The Department of Finance (DOF) and Bureau of Customs (BOC) have proposed rules covering the process of collecting customs service fees from stakeholders.
The draft customs administrative order (CAO) seeks to implement several provisions of the Customs Modernization and Tariff Act and repeal CAO No. 02-2001 issued in 2001, which prescribes customs fees and charges. It also amends or repeals Customs Memorandum Order (CMO) No. 14-2014, as well as CAO No. 2-2004, CAO No. 1-2005, CAO No. 4-2013, CAO No. 7-2011, CAO No. 7-1992, and other issuances that are inconsistent with the proposed order.
Stakeholders have until May 18 to submit their position papers. A public consultation on the draft will also be held on the same day.
The draft rule encompasses all customs service fees collected by BOC from shipping lines, airlines, locators, air express operators, importers, exporters, customs brokers, and all other parties served by the agency, and mandates how these fees are to be used. Covered under the latest CAO are supervision and monitoring fees, transaction processing fees, and administrative fees.

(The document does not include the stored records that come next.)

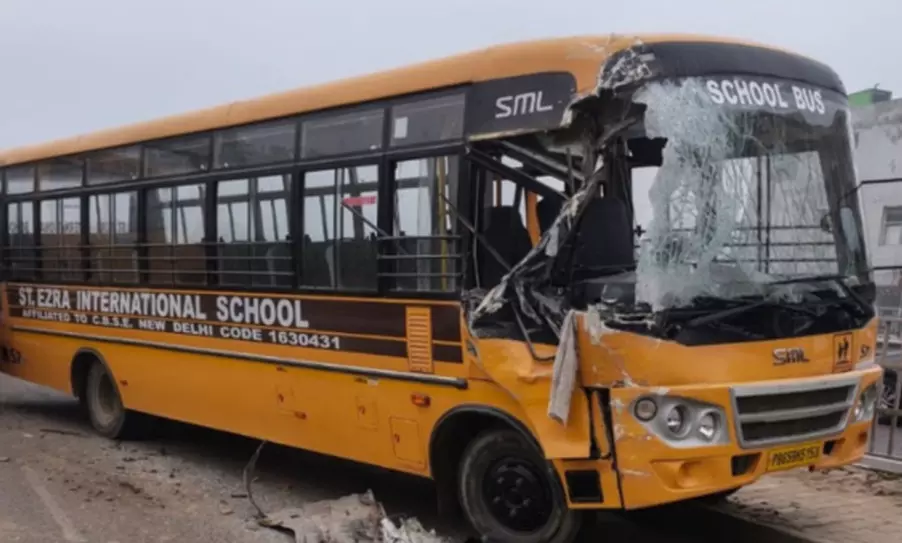 Accident: धुंध के कारण दो स्कूल बसें आपस में टकराईं, ड्राइवर समेत कई बच्चे घायल Accident: धुंध के कारण दो स्कूल बसें आपस में टकराईं, ड्राइवर समेत कई बच्चे घायल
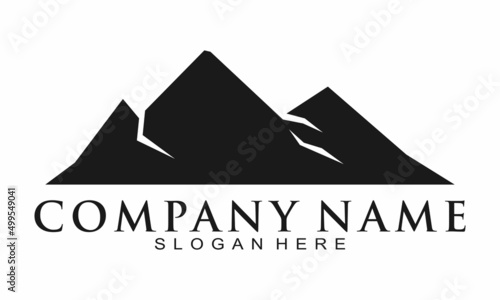 Mountain simple illustration vector logo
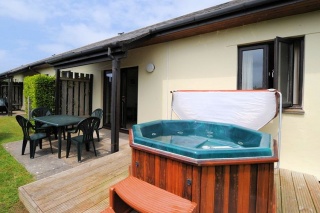 Holiday Cottage Reviews for Swallow, Willowfield Lake Cottages - Cottage Holiday in Braunton, Devon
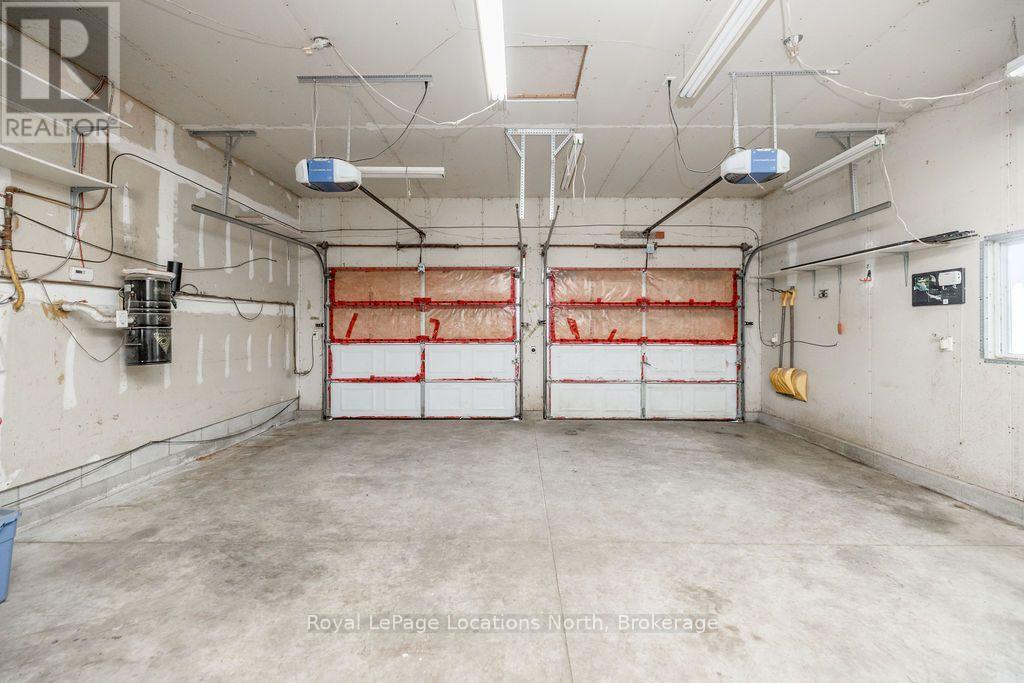83 CROCUS DRIVE - Image 27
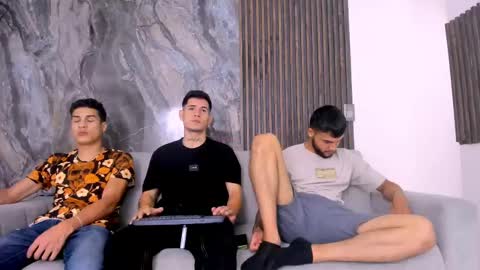 heteros men online show from 1, 3, 2025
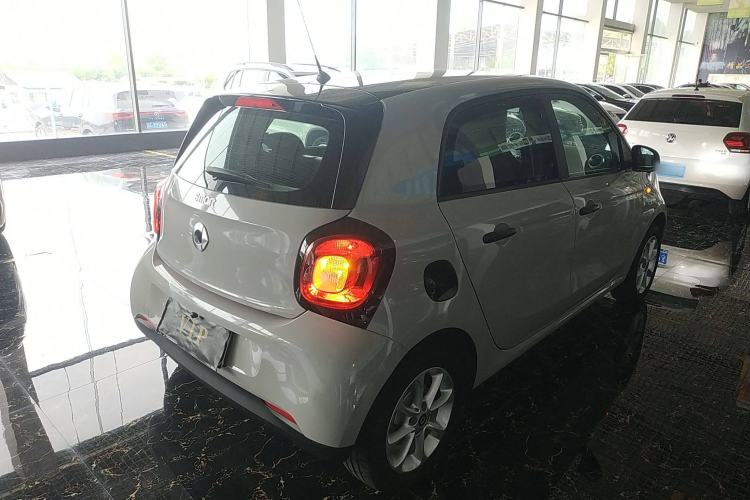Used smart forfour 2018 1.0L 52 kW Dynamic Edition Exterior 5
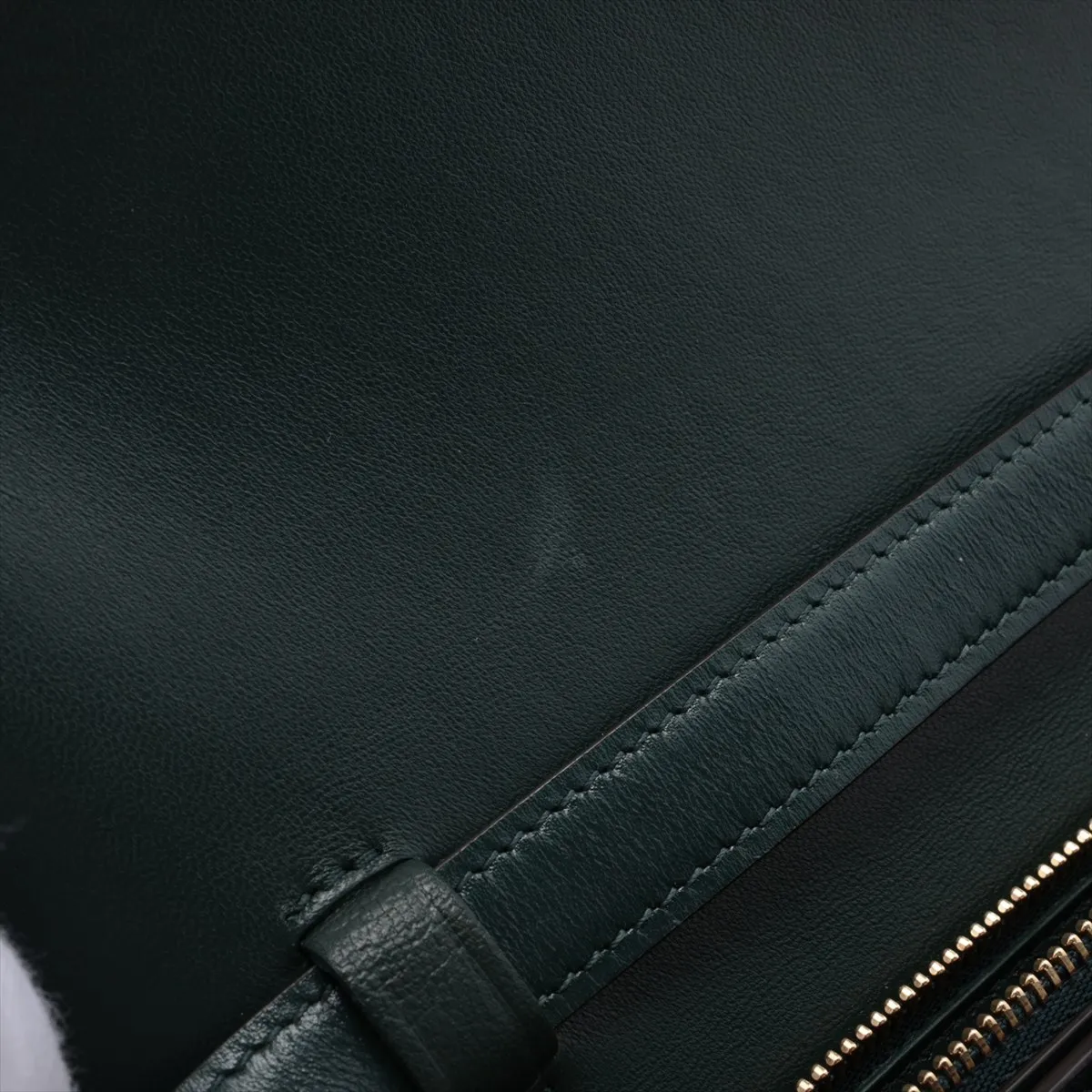 Classic Box Leather Shoulder Bag Green — view 14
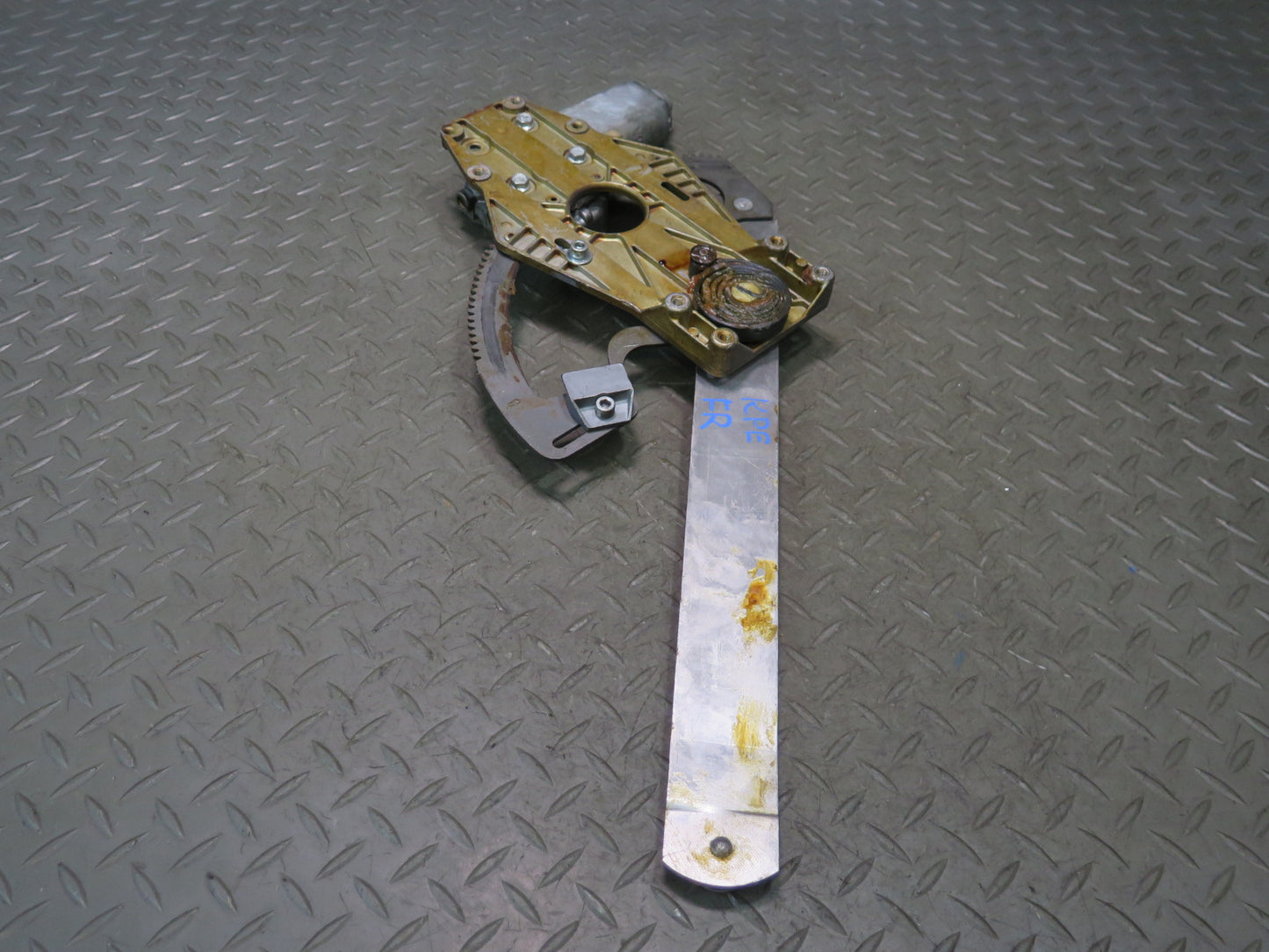 1984-1991 Porsche 928 Right Door Window Regulator w Motor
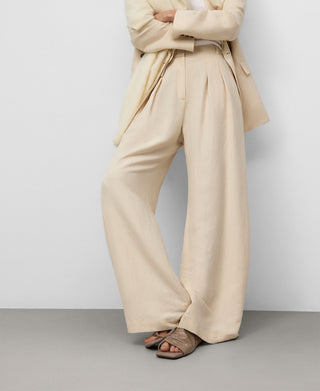 Pantalón Talle Alto con Pinzas de Lino.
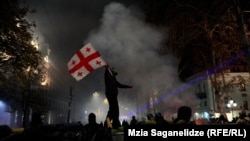У Грузії з 28 листопада тривають протести через рішення грузинського парламенту зупинити до 2028 року переговори про вступ Грузії до Євросоюзу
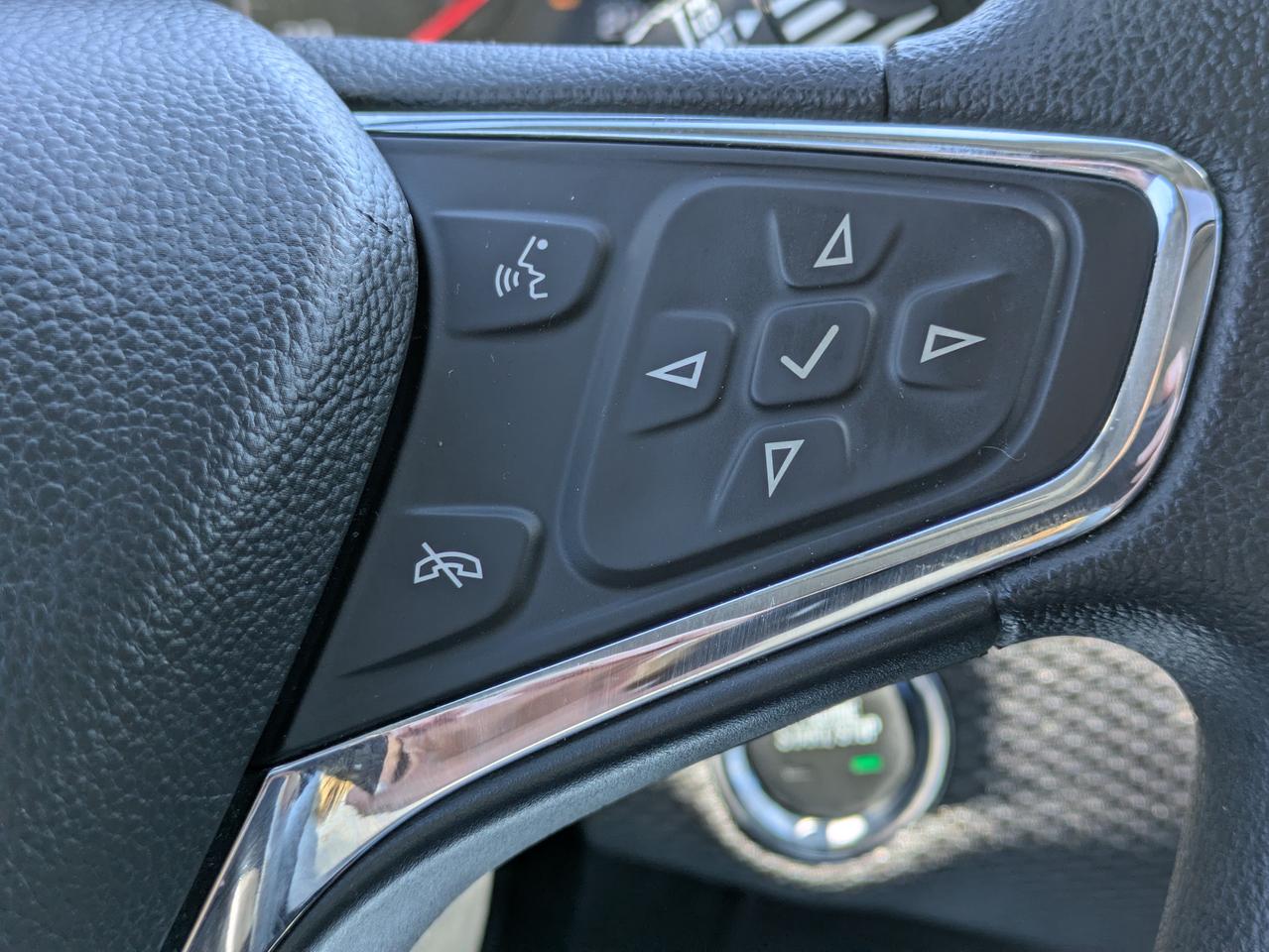 2019 Chevrolet Cruze 4dr Hb Lt Photo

The draft states that all customs service fees collected should be properly issued a receipt and be deposited. Supervision and monitoring fees are to be deposited in a trust fund created for the purpose, while administrative fees should be placed in the general fund.
The proposed order also states that overtime pay should be given to employees that render customs services beyond official working hours. Meal, transportation, and accommodation allowances must be given when an employee has to travel outside of official work station or worksite to render customs services.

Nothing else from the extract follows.